The changing economic fundamentals have changed people’s general expectations for the real estate sector. It is similar to what happened in 2008, when the global financial crisis battered the Chinese economy and, suddenly, demand for real estate seemed frozen and sales quickly slumped.
As we all know, the central government took unprecedented stimulus measures during the global financial crisis to bail out the national economy, which also saved the real estate sector.
This time, however, the central government does not wish to repeat what it did during the 2008 crisis - i.e. launching massive stimulus programs - for fear of stoking liquidity and inflation. Developers, therefore, have to rely on local supportive policies to survive the current woes.
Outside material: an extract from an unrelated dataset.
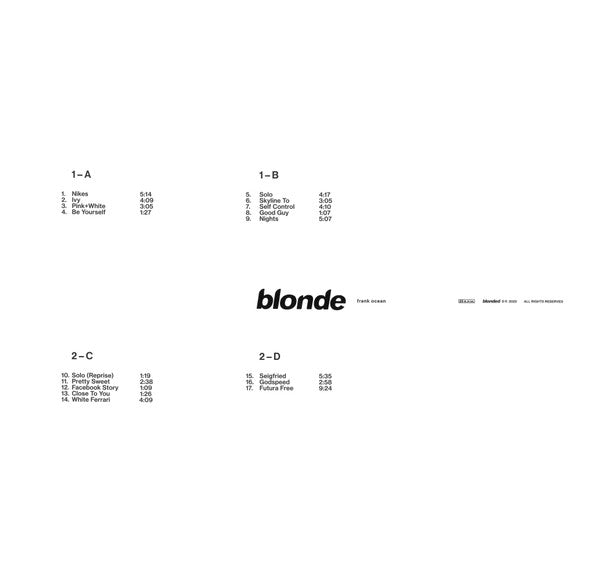 Frank Ocean – Blonde   ,  2 LP , Gatefold , poster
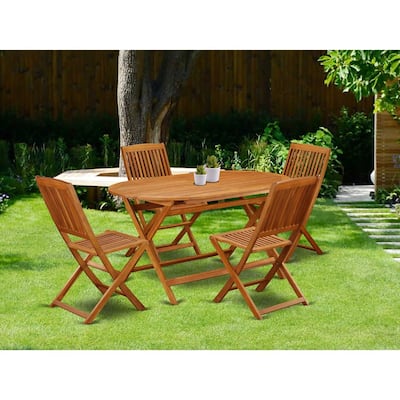 HomeStock 5-Pc Natural Brown Finish Solid Wood Top - Dining Room Set - Seats 4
The local governments, meanwhile, have no other option but to help revitalize the market, since a large proportion of local revenue comes from the real estate sector and related industries.
The problem is: Will such policies work this time to help bail out the developers?
Media reports show that some local governments plan to encourage people to buy more properties, and they also plan to make the banks cut interest rates for mortgages. Price cuts by developers would also be banned so that there will not be any chain effect of price cuts in the market.
Such measures, if implemented, are set to play a role in temporarily boosting the local property market. But such boosts will not bring prosperity to the real estate market in the long run.
This planned market intervention is dangerous. By postponing the inevitable, it affects the normal functioning of the market and will only backfire - and, if that happens, the local governments will have to spend a fortune to clean up the mess.